DATASET ENTRIES =>

----

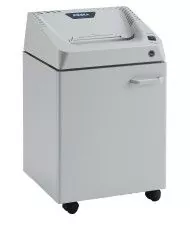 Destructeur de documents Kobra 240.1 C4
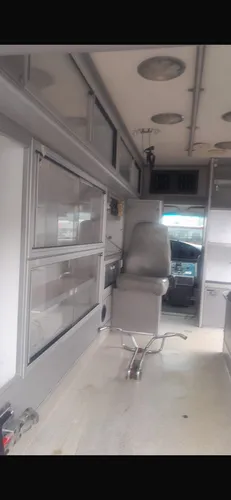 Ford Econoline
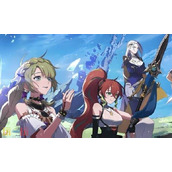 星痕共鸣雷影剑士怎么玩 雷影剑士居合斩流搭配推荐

----

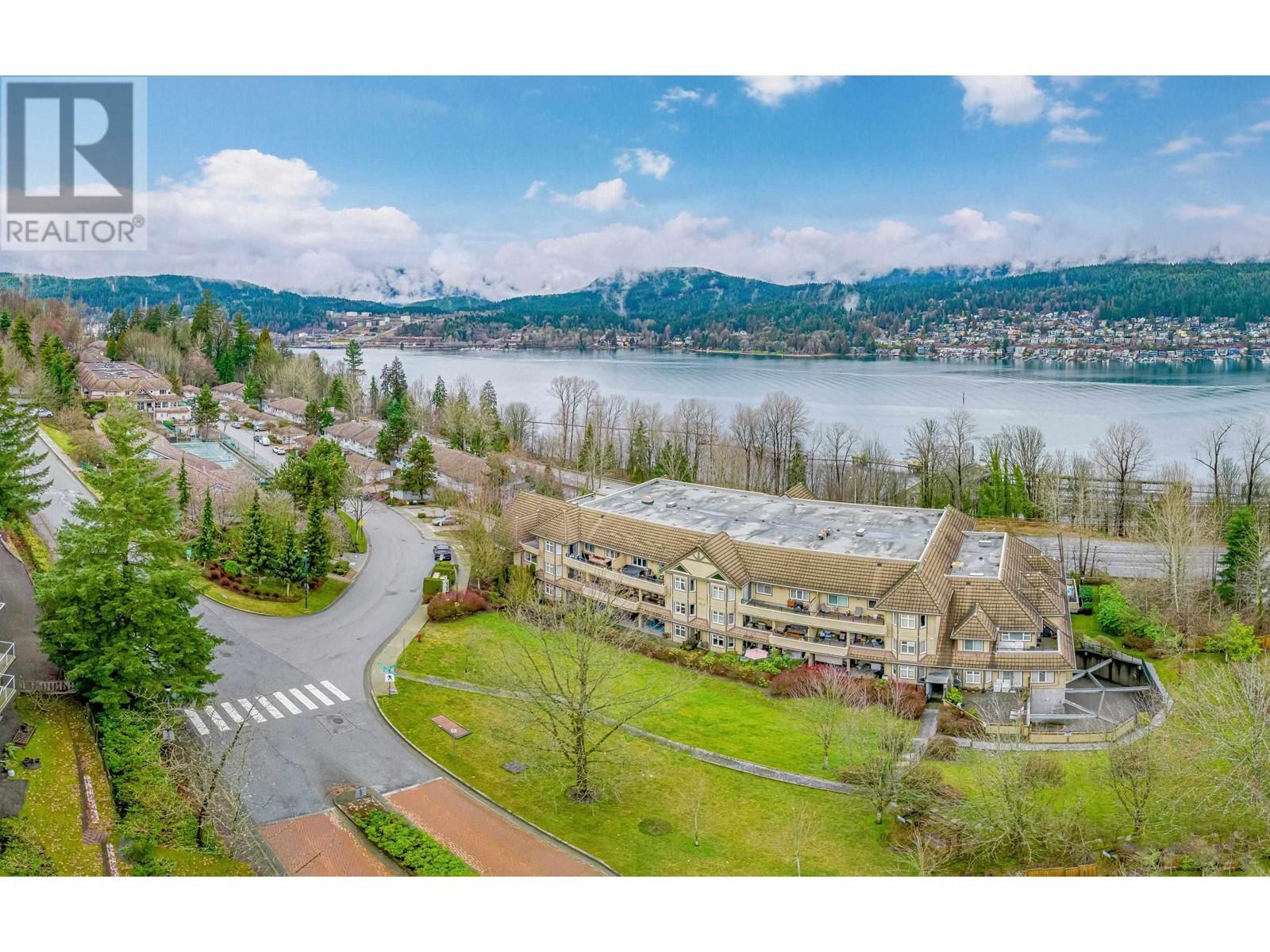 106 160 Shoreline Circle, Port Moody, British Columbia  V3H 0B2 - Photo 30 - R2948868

----

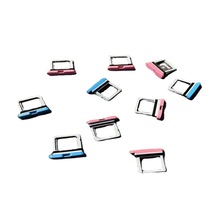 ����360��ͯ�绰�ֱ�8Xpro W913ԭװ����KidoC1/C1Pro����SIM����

----

After locating "Destructeur de documents Kobra 240.1 C4" and "星痕共鸣雷影剑士怎么玩 雷影剑士居合斩流搭配推荐" in the records above, return exactly the line holding each one and every line between them; leave out the pictures.

 Destructeur de documents Kobra 240.1 C4
 Ford Econoline
 星痕共鸣雷影剑士怎么玩 雷影剑士居合斩流搭配推荐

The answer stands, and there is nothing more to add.